TASK OBJECTIVE: Please repeat every entry that follows, keeping each one exactly the same.

.....

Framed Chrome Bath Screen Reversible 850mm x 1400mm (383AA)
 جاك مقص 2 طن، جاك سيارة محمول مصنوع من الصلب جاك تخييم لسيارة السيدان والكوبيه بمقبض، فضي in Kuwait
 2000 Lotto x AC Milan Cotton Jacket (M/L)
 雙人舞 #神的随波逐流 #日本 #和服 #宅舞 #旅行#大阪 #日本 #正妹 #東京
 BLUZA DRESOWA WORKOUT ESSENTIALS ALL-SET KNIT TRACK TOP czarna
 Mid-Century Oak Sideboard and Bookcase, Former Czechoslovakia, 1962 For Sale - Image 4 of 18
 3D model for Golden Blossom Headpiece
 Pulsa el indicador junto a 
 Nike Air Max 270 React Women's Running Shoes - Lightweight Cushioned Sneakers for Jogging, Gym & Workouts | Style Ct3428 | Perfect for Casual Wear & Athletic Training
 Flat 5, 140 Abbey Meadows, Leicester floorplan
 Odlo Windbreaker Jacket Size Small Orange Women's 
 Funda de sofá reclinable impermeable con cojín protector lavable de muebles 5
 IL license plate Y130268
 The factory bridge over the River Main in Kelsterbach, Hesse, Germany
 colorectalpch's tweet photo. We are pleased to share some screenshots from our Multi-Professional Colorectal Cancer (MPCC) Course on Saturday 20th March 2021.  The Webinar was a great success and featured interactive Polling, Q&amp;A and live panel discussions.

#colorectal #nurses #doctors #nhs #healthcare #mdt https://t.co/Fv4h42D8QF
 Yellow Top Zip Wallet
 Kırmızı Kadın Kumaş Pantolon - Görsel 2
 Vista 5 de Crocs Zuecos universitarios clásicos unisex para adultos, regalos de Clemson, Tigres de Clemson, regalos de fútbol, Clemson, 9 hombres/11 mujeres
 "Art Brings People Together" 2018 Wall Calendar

.....

EXERCISE RESPONSE:
Framed Chrome Bath Screen Reversible 850mm x 1400mm (383AA)
 جاك مقص 2 طن، جاك سيارة محمول مصنوع من الصلب جاك تخييم لسيارة السيدان والكوبيه بمقبض، فضي in Kuwait
 2000 Lotto x AC Milan Cotton Jacket (M/L)
 雙人舞 #神的随波逐流 #日本 #和服 #宅舞 #旅行#大阪 #日本 #正妹 #東京
 BLUZA DRESOWA WORKOUT ESSENTIALS ALL-SET KNIT TRACK TOP czarna
 Mid-Century Oak Sideboard and Bookcase, Former Czechoslovakia, 1962 For Sale - Image 4 of 18
 3D model for Golden Blossom Headpiece
 Pulsa el indicador junto a 
 Nike Air Max 270 React Women's Running Shoes - Lightweight Cushioned Sneakers for Jogging, Gym & Workouts | Style Ct3428 | Perfect for Casual Wear & Athletic Training
 Flat 5, 140 Abbey Meadows, Leicester floorplan
 Odlo Windbreaker Jacket Size Small Orange Women's 
 Funda de sofá reclinable impermeable con cojín protector lavable de muebles 5
 IL license plate Y130268
 The factory bridge over the River Main in Kelsterbach, Hesse, Germany
 colorectalpch's tweet photo. We are pleased to share some screenshots from our Multi-Professional Colorectal Cancer (MPCC) Course on Saturday 20th March 2021.  The Webinar was a great success and featured interactive Polling, Q&amp;A and live panel discussions.

#colorectal #nurses #doctors #nhs #healthcare #mdt https://t.co/Fv4h42D8QF
 Yellow Top Zip Wallet
 Kırmızı Kadın Kumaş Pantolon - Görsel 2
 Vista 5 de Crocs Zuecos universitarios clásicos unisex para adultos, regalos de Clemson, Tigres de Clemson, regalos de fútbol, Clemson, 9 hombres/11 mujeres
 "Art Brings People Together" 2018 Wall Calendar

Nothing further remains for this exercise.